VI Edición

Curso 2009 - 2010

Alejandro Quintana

Sonidos prohibidos

Carlota Ciudad, 16 años

                 Colegio Canigó (Barcelona)  

Una suave brisa primaveral hacía que se estremecieran las copas de los almendros, bajo la ventana de mi habitación. Estaban llenos de color, como si la naturaleza hubiese condensado toda su belleza en sus blancas y delicadas flores.
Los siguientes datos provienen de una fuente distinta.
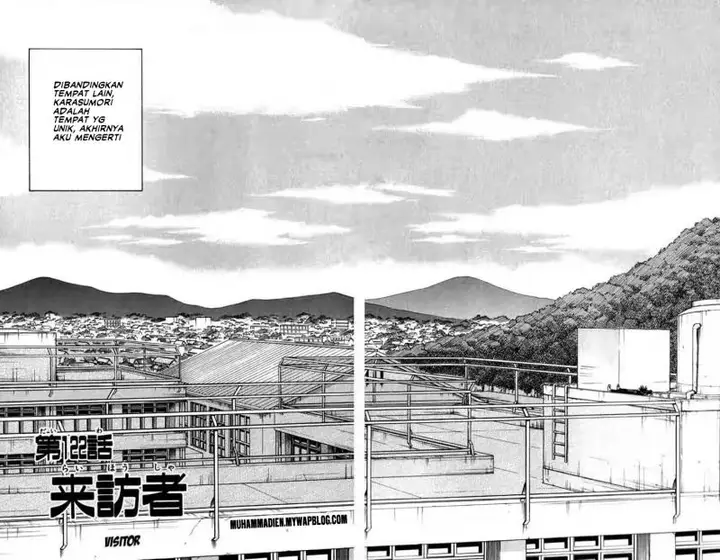 image-komik-kekkaishi-chapter-122-1/17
De repente, un ruiseñor se posó en una de las ramas del árbol más cercano. Era un ejemplar bonito. Su plumaje, una mezcla de tonos pardos y lucía unos característicos y marcados ojos verdes. Estaba tan cerca que lo podría haber tocado con la mano. El ave abrió el pico. Esperé para escuchar su precioso canto, pero permaneció en silencio, mudo. Con un suave y rápido aleteo, me abandonó.
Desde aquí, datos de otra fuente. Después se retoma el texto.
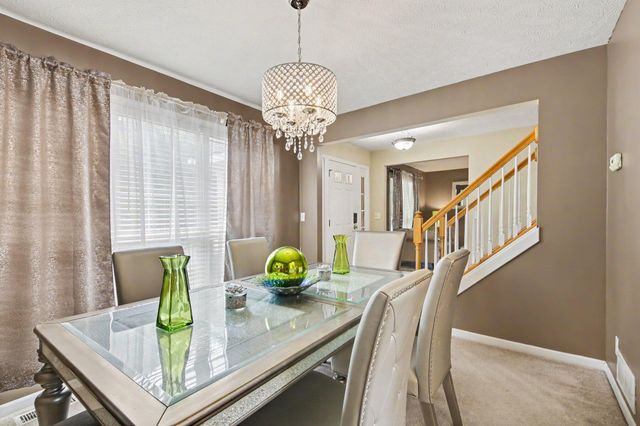 6627 Winter Creek Road, Norton Shores City, MI 49444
Seguí observando las bonitas vistas desde mi ventana. Las abejas se movían rápidamente y sin hacer ningún sonido, de flor en flor.

Cinco minutos más tarde, pasó por el parque mi sobrino de siete años, Marcos, con su amigo Juan. Jugaban al fútbol. Me saludaron con la mano y continuaron su entretenimiento. Por sus expresiones, se podía decir que se lo estaban pasando bien. En un momento dado, Marcos tropezó, se cayó al suelo y se hizo una herida. Empezó a llorar, pero tampoco entonces emitió ningún sonido.
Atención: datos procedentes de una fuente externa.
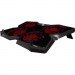 GamePro Підставка до ноутбука GamePro Tornado CP575 (CP575)
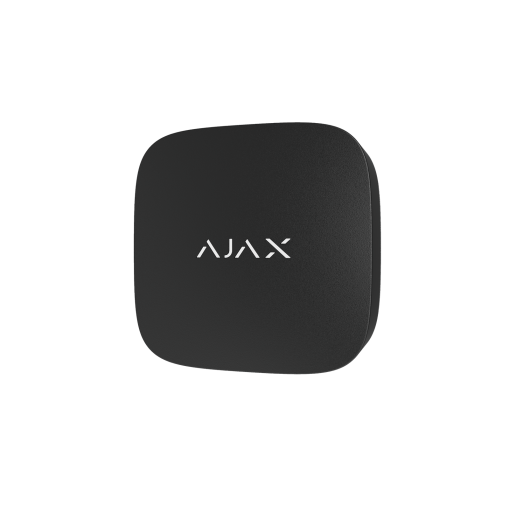 Ajax LifeQuality sort EU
Una vez pasado el susto, dirigí la mirada hacia el interior de la habitación. A mi lado había una jaula con un canario en su interior. Me lo habían regalado hacía tiempo, para que me alegrara por las mañanas al despertarme, pero ya no me decía nada. Desde hacía tres años permanecía en silencio, como todo lo que había a mi alrededor. A veces, tanto silencio se me hacía insoportable y me daban ganas de gritar, pero sabía que no tendría ningún efecto, que no me liberaría.

Eran las consecuencias de ser sorda.